I hosted an evening of performance art recently, funded by a variety of good agencies on the front line of the battle to keep Pittsburgh's art scene healthy. Native son made good (or maybe only so-so this season), I was supposed to grease the wheels of the show. But they fell off. I mean, I knocked them off.

 
    David Conrad, an actor in Los Angeles, grew up in Edgewood and lives in the Strip District.  
 

The show was great: Three very talented, very challenging artists got up there and arted all they had. But me, I had a story to tell and I failed to tell it. I am here today to make amends.
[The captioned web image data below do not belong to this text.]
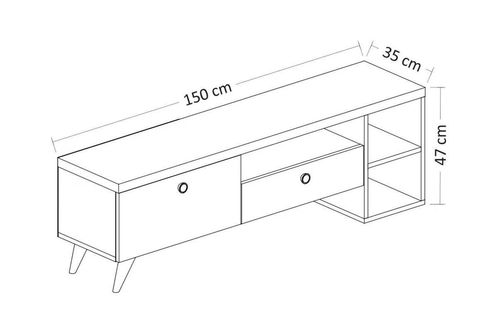 cumpără Comodă TV Trendy Parion, Negru 150x47x35cm în Chișinău 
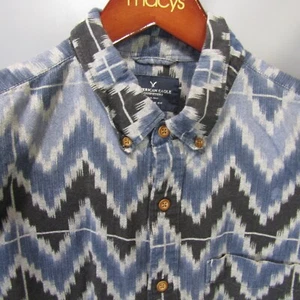American Eagle Outfitters Button Down Shirt Aztec Chevron Southwest Mens Large - Picture 1 of 7
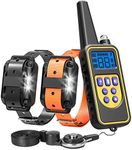 FunniPets Dog Training Collar, Waterproof Dog Shock Collar with Remote 2600ft Control Range E Collar for 2 Dogs with 4 Training Modes Light Shock Vibration Beep for Medium and Large Breed Dogs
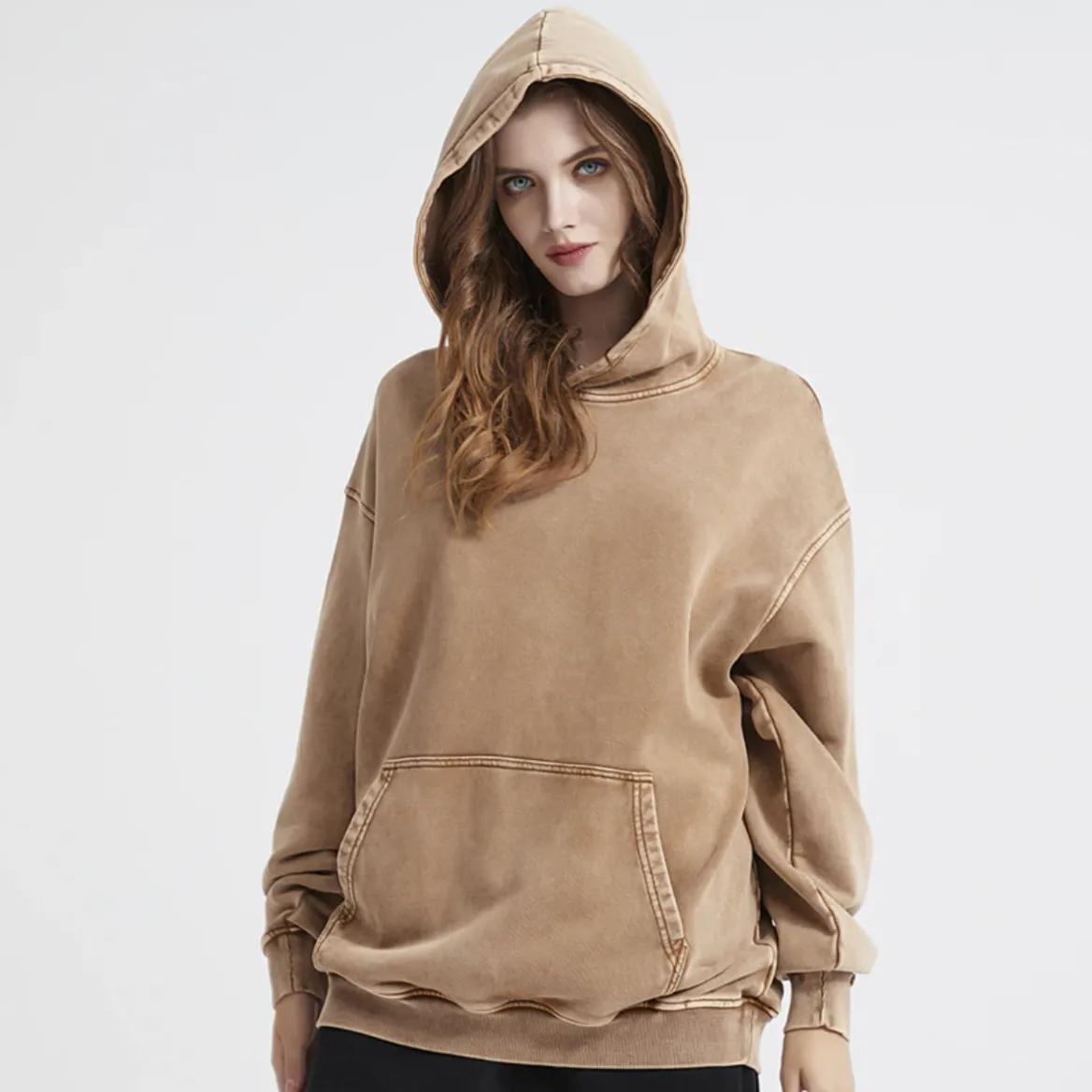 "DLVD" Sweat-shirt Hoodie à capuche Délavé Gris - URB1™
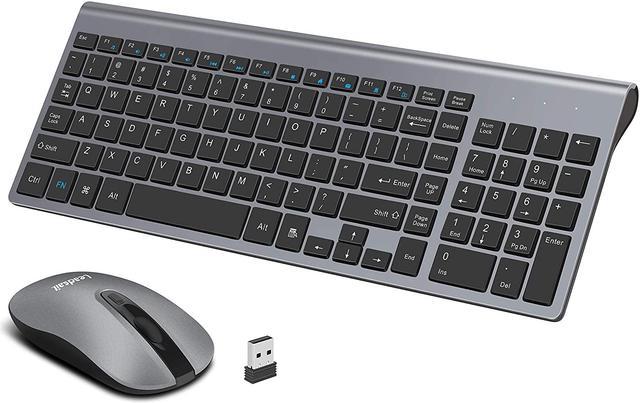 Wireless Keyboard Mouse Combo, Compact Full Size Wireless Keyboard and  Mouse Set 2.4G Ultra-Thin Sleek Design for Windows, Computer, Desktop, PC,  Notebook - (Black)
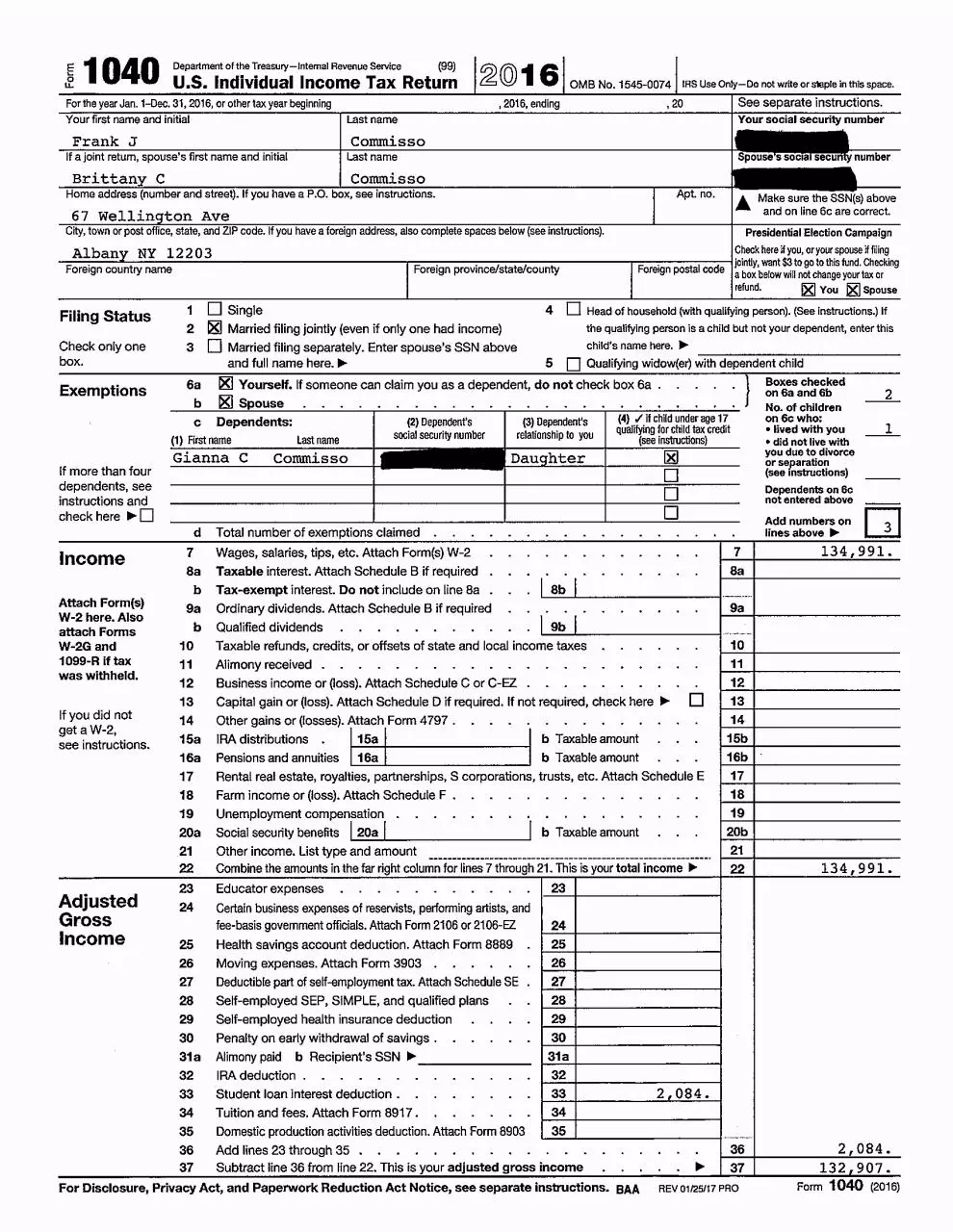 Page 1 of 11, COMISSO TAXRETURNS 2016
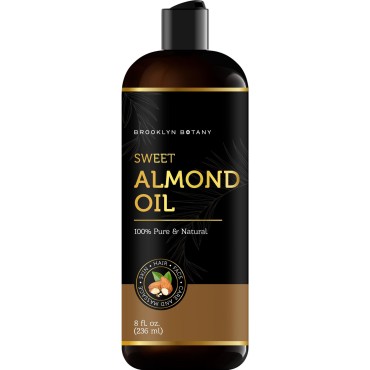 Brooklyn Botany Sweet Almond Oil for Skin, Hair and Face - 100% Pure and Natural Body Oil and Hair Oil - Carrier Oil for Essential Oils, Aromatherapy and Massage Oil - 8 fl Oz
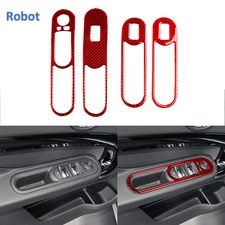 Red Carbon Fiber Window Lift Switch Panel For Mini Cooper Countryman F60 17-23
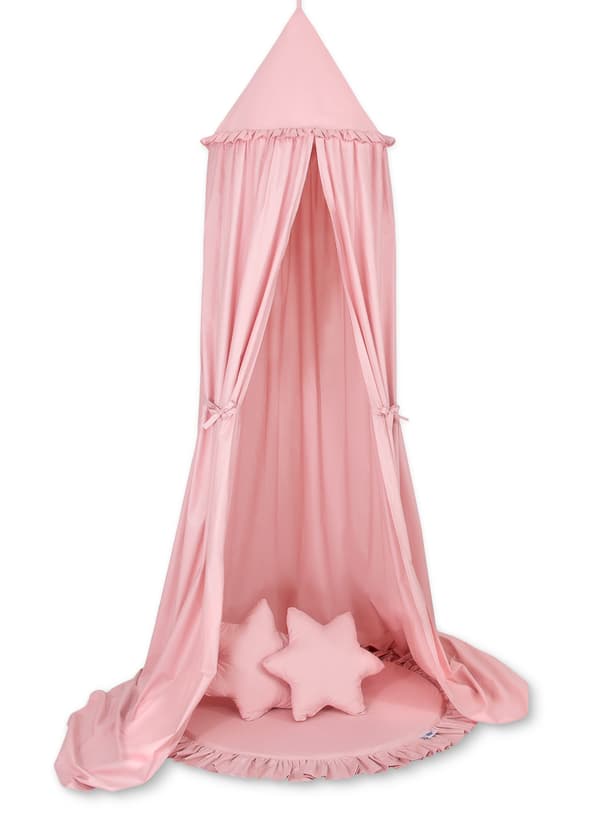 Legemåtte med flæser - støvet pink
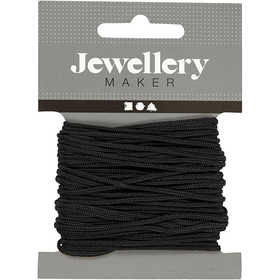 Macramé-Kordel, Dicke 2 mm, Schwarz, 8 m/ 1 Rolle [HOB-41755]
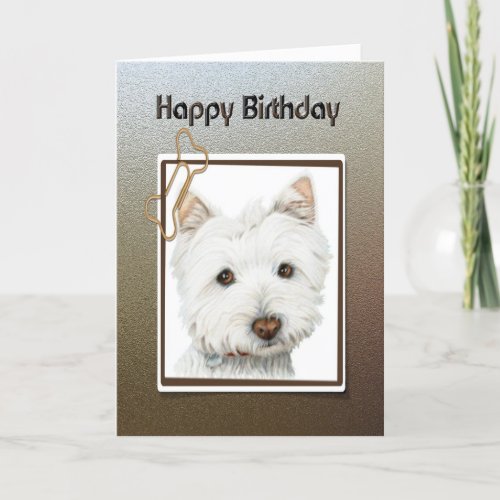 Happy birthday greeting card with cute westie dog card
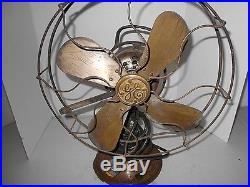 Antique Vintage GE 12 Brass Blade 3 Speed Type AOU Form AF2 Fan & Oscillator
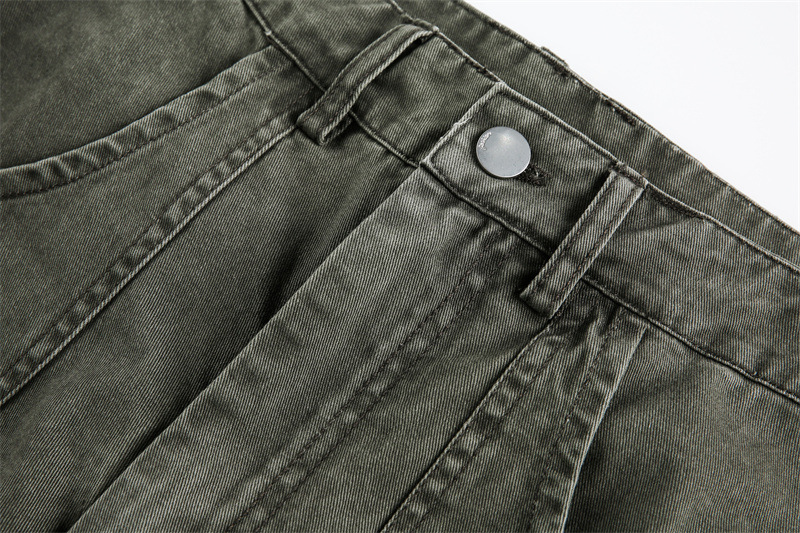 Multi-Pocket Cargo Pants Loose Wide-Leg Casual Trousers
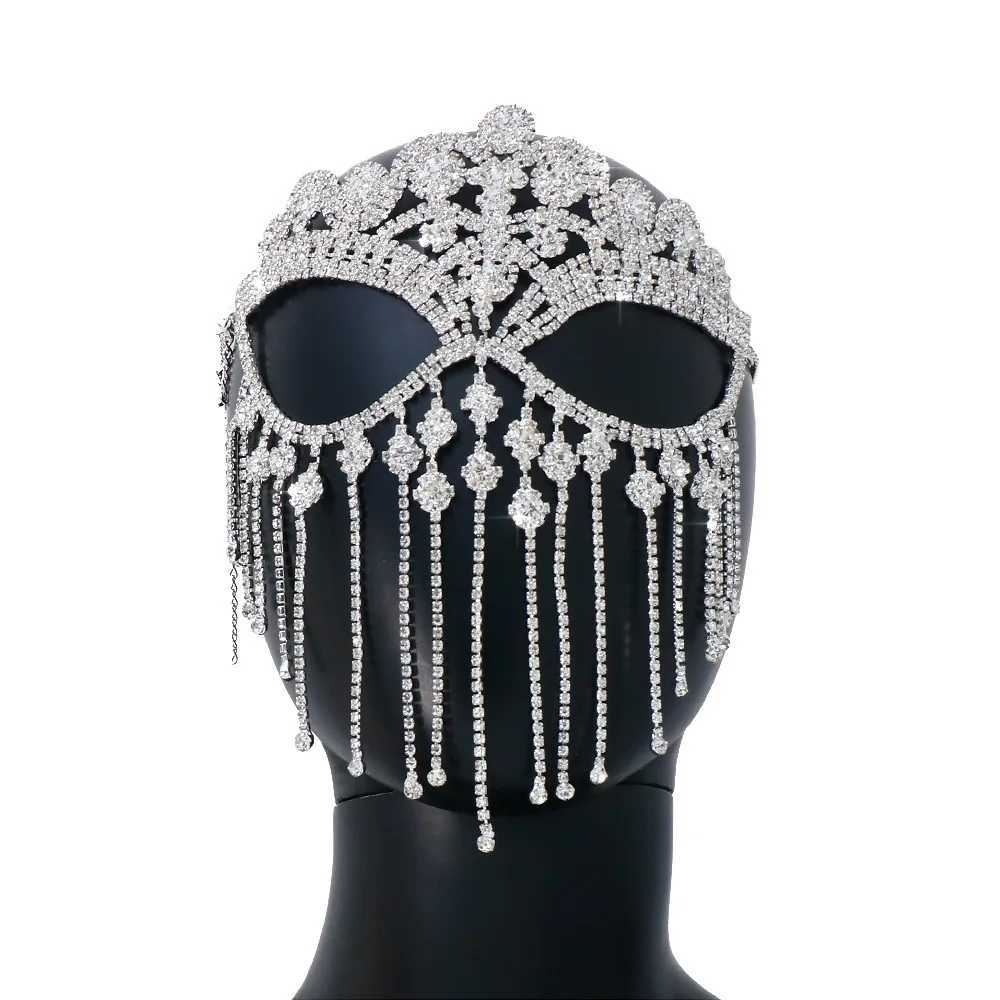 Stonefans Fashion Rhinestone Tassel Mask Chain Women Accessories Masquerade Party Bling Crystal Veil Mask Face Jewelry NightclubW251029
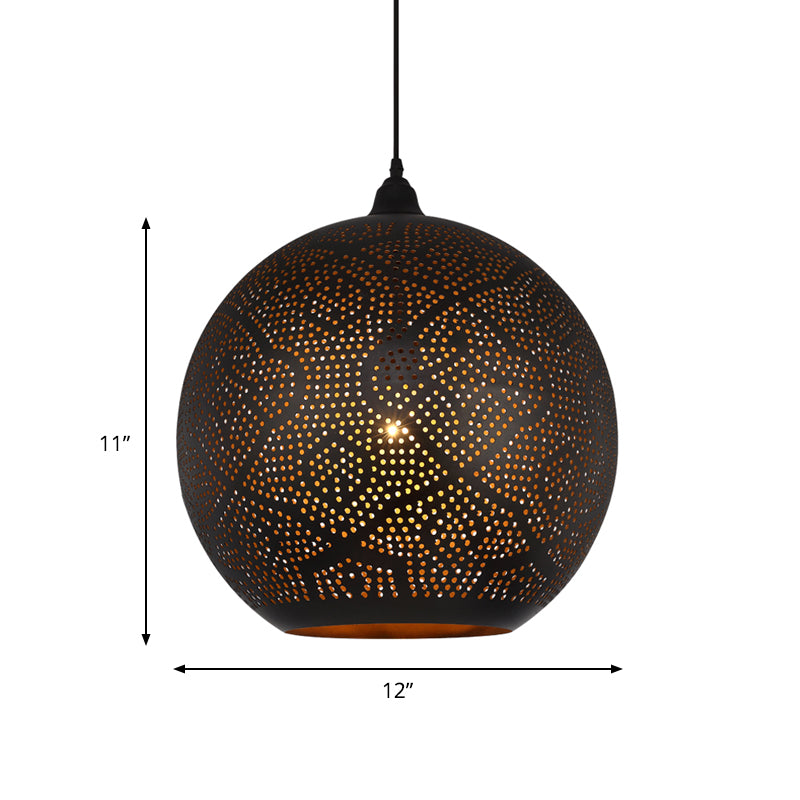 Decorative Spherical Pendant Lighting Metal 1 Bulb Ceiling Suspension Lamp in Black Clearhalo 'Ceiling Lights' 'Pendant Lights' 'Pendants' Lighting' 381396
You know how when you drive around here, you go a certain way? In New York, there are 65 ways to get from Avenue B to Lincoln Center, but in Pittsburgh there are usually only two ways to get from Swissvale to Bloomfield, or Whitehall to Oakland, and really to most people there's only one. We've made trails here, paths, like the deer that populated the place before we took it; hat's the way we understand the landscape.

An amazing thing has been happening around here recently: While the city is sliding into an economic quagmire, all sorts of people have been running around the place cutting new paths through the region. Artists, activists, organizers -- they've shown folks that there are new ways and reasons to get from one part of the city to another that they normally never would have gone.

The cultural stations of Pittsburgh's cross have been long clear. You go to Oakland. You go through the Strip, then hesitate near some Downtown galleries, so you can then be alternative on the North Side and finally end up on East Carson where it's too late to see anything so you shop a little and then get a meal.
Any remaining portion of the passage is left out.